• Task objective
Output the full listing exactly.

• Available records
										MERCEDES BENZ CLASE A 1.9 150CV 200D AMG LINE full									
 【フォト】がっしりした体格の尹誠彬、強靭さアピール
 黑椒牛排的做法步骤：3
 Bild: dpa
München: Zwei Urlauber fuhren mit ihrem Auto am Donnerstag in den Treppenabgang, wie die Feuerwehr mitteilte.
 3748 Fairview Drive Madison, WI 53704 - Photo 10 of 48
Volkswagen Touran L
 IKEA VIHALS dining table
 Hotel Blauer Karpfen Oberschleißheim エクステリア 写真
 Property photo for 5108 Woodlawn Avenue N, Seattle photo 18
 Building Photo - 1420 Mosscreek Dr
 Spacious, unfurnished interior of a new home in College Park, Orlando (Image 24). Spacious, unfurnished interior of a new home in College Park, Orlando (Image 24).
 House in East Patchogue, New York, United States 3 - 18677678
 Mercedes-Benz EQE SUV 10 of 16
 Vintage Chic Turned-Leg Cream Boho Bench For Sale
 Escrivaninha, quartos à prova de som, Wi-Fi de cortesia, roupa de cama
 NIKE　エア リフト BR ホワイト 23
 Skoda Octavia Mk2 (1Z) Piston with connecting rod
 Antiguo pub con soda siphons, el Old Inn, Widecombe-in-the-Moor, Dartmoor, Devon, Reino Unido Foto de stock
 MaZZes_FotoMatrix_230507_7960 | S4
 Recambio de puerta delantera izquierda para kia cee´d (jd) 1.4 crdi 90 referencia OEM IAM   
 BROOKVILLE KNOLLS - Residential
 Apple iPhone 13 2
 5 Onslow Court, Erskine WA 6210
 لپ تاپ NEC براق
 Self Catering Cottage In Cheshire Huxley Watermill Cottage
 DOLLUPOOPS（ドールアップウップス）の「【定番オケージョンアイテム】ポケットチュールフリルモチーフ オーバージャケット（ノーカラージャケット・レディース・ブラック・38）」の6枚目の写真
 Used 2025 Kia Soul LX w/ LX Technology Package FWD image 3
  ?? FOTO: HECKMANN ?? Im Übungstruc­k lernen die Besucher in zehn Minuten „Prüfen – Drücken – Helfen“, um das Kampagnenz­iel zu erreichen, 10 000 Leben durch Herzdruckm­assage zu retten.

• Exercise response
										MERCEDES BENZ CLASE A 1.9 150CV 200D AMG LINE full									
 【フォト】がっしりした体格の尹誠彬、強靭さアピール
 黑椒牛排的做法步骤：3
 Bild: dpa
München: Zwei Urlauber fuhren mit ihrem Auto am Donnerstag in den Treppenabgang, wie die Feuerwehr mitteilte.
 3748 Fairview Drive Madison, WI 53704 - Photo 10 of 48
Volkswagen Touran L
 IKEA VIHALS dining table
 Hotel Blauer Karpfen Oberschleißheim エクステリア 写真
 Property photo for 5108 Woodlawn Avenue N, Seattle photo 18
 Building Photo - 1420 Mosscreek Dr
 Spacious, unfurnished interior of a new home in College Park, Orlando (Image 24). Spacious, unfurnished interior of a new home in College Park, Orlando (Image 24).
 House in East Patchogue, New York, United States 3 - 18677678
 Mercedes-Benz EQE SUV 10 of 16
 Vintage Chic Turned-Leg Cream Boho Bench For Sale
 Escrivaninha, quartos à prova de som, Wi-Fi de cortesia, roupa de cama
 NIKE　エア リフト BR ホワイト 23
 Skoda Octavia Mk2 (1Z) Piston with connecting rod
 Antiguo pub con soda siphons, el Old Inn, Widecombe-in-the-Moor, Dartmoor, Devon, Reino Unido Foto de stock
 MaZZes_FotoMatrix_230507_7960 | S4
 Recambio de puerta delantera izquierda para kia cee´d (jd) 1.4 crdi 90 referencia OEM IAM   
 BROOKVILLE KNOLLS - Residential
 Apple iPhone 13 2
 5 Onslow Court, Erskine WA 6210
 لپ تاپ NEC براق
 Self Catering Cottage In Cheshire Huxley Watermill Cottage
 DOLLUPOOPS（ドールアップウップス）の「【定番オケージョンアイテム】ポケットチュールフリルモチーフ オーバージャケット（ノーカラージャケット・レディース・ブラック・38）」の6枚目の写真
 Used 2025 Kia Soul LX w/ LX Technology Package FWD image 3
  ?? FOTO: HECKMANN ?? Im Übungstruc­k lernen die Besucher in zehn Minuten „Prüfen – Drücken – Helfen“, um das Kampagnenz­iel zu erreichen, 10 000 Leben durch Herzdruckm­assage zu retten.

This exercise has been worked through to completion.